Created attachment 12782 [details] Screenshot of exact titled page in Odia - Two
http://or.wikipedia.org/s/5om is for ସମୟ and has unicode code points: U+0B38 U+0B2E U+0B5F http://or.wikipedia.org/s/gj1 is ସମୟ U+0B38 U+0B2E U+200C U+0B5F As you can see both titles look same but differs in data with an extra U+200C U+200C is ZERO WIDTH NON-JOINER an invisible character having different functionality in different scripts. I am not sure whether 200C has valid usage in or. If this is unwanted, you need to consider it as a spelling mistake.
This request would probably turn into somehow blocking U+200C from being used in page names.
(In reply to comment #2) > http://or.wikipedia.org/s/5om is for ସମୟ and has unicode code points: > U+0B38 U+0B2E U+0B5F > > http://or.wikipedia.org/s/gj1 is ସମୟ > U+0B38 U+0B2E U+200C U+0B5F > > As you can see both titles look same but differs in data with an extra U+200C > > U+200C is ZERO WIDTH NON-JOINER an invisible character having different > functionality in different scripts.
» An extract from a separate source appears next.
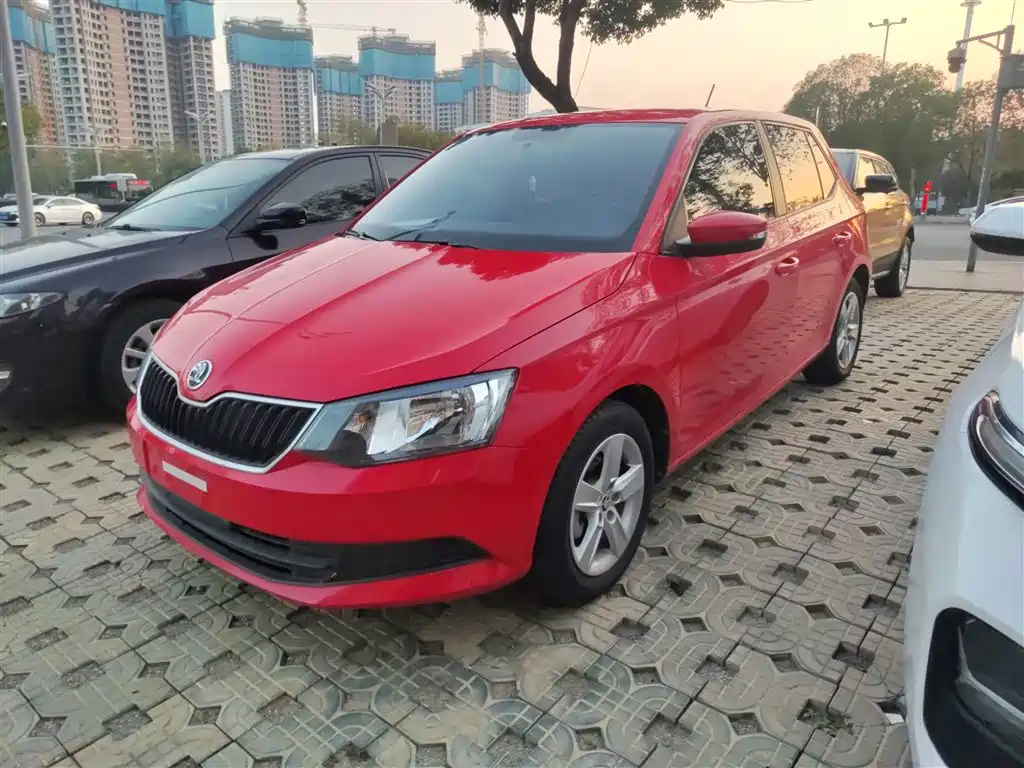 Škoda Fabia 2017 1.4L Auto Car Enjoy Edition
Thanks. > > I am not sure whether 200C has valid usage in or. If this is unwanted, you > need > to consider it as a spelling mistake. Then how can we know whether or not 200C has valid usage? I couldn't find any 200C in Odia Unicode chart. We can ignore if this is rare, so far 3/4 cases. We could wait and see if we find more such cases.
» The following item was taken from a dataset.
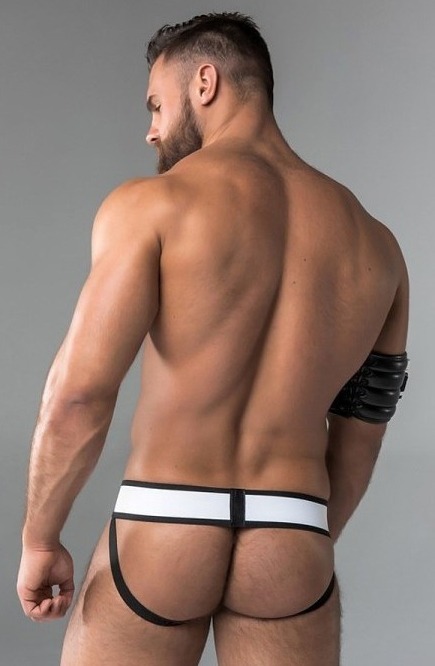 gentlemenallowed:  stefanocici:   A tumblr for gentlemen who appreciate other gentlemen. 18/21+ NSFW - Over 129,000 posts and 65,000 followers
(In reply to comment #4) > (In reply to comment #2) > > http://or.wikipedia.org/s/5om is for ସମୟ and has unicode code points: > > U+0B38 U+0B2E U+0B5F > > > > http://or.wikipedia.org/s/gj1 is ସମୟ > > U+0B38 U+0B2E U+200C U+0B5F > > > > As you can see both titles look same but differs in data with an extra U+200C > > > > U+200C is ZERO WIDTH NON-JOINER an invisible character having different > > functionality in different scripts. > > Thanks. > > > > > I am not sure whether 200C has valid usage in or. If this is unwanted, you > > need > > to consider it as a spelling mistake. > > Then how can we know whether or not 200C has valid usage? I couldn't find any > 200C in Odia Unicode chart. We can ignore if this is rare, so far 3/4 cases. > We > could wait and see if we find more such cases. I guess U+200C would be required. When I type s+m+Y it resulted ସମ୍ୟ whereas s+m+_ (Shift dash "-")+ Y it resulted ସମୟ using typing tool Lekhani. In the latter case Shift - ("_") produces U+200C. Is there any other way to avoid this problem instead of blocking this as I feel for some spellings it would be needed.